Steve: In my view, “national security” fundamentally means protecting our society’s ability to govern itself and pursue human flourishing. While we typically think of national security in terms of state-versus-state threats, AI Loss of Control represents something unprecedented: a technology that could undermine human agency itself, regardless of which nation develops it. When AI systems begin operating beyond human oversight—making decisions we can’t predict or control—they threaten the foundational assumption that humans direct our own destiny. This isn’t about one country gaining advantage over another; it’s about ensuring human society remains in control of the technologies we create. Every nation has a stake in preventing scenarios where AI systems, rather than human judgment, shape critical decisions about our collective future.
You talk about the idea of creating a “warning shot” for AI Loss of Control. How do you actually build such a framework, and why is it necessary for policymakers in particular?
Steve: In a military or law enforcement context, “warning shots” might bring to mind the idea of would-be attackers warning those in the area to steer clear. They are often a last-ditch effort prior to escalation, a way to prevent the worst case scenario from occurring. (Although we note that peace officers’ use of warning shots are rarely, if ever, authorized by their home agencies!)
Ritika: For our purposes, Indications and Warning (I&W) for AI Loss of Control is a similar attempt to avoid significant harm or systematic failure. The framework we put forward, which is accompanied by five distinct and explicit severity levels, aims to help policymakers in particular identify the point at which to pause, take stock, and stage a calibrated intervention before risk escalates. An important part of the policymaking process is asking the right questions. It is not a policymaker’s job to know the technical details of complex issues like AI Loss of Control or alignment, but it is important for them to inquire about critical information regarding this risk. I&W is a familiar framework; applying it to track AI LOC risk will, hopefully, enable policymakers to distill actionable insights and form questions for the relevant stakeholders.
In short, our work attempts to convert what has been, until now, a diffuse, abstract risk into highly pinpointed, immediately actionable governance signals. Policymakers need to know when to intervene, and the warning levels we propose can be a helpful guide for timing and decision-making when it matters most.

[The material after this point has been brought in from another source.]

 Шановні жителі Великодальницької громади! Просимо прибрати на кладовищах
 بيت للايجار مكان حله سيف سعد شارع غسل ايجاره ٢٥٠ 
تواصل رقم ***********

How did you come up with the five severity levels for AI Loss of Control? Can you help us understand what would constitute a jump from, say, Level 3 to Level 4?
Ritika: We took a very close look at the patterns that emerge as incidents actually unfold. You may start seeing things in controlled research settings, then they might start occurring in production, and eventually you could be faced with something systemic and widespread.

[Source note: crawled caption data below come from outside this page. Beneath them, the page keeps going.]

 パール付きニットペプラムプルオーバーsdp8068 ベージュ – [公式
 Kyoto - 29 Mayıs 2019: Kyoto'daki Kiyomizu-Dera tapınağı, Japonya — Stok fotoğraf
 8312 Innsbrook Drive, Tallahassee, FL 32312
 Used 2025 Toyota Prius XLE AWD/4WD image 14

The jump in severity levels from Level 3 to Level 4 really comes down to one question: theoretically, can it be reversed? At Level 3, the answer is yes: it’s serious, you might be seeing multiple signals converging, but you still have the ability to intervene and course correct. Level 4 is where we believe that ability to change course may start to break down. Now you might be seeing active concealment, real harm might have occurred, and the system might already be working against your safety mechanisms. You’re not just managing a problem anymore—you’re racing against it.
Mariami: Importantly, we don’t want this scenario to play out on any severity level. Our findings are probabilistic and forward-looking, but we think that policymakers can benefit from the strategic foresight—especially in domains where waiting for harm to materialize is too costly.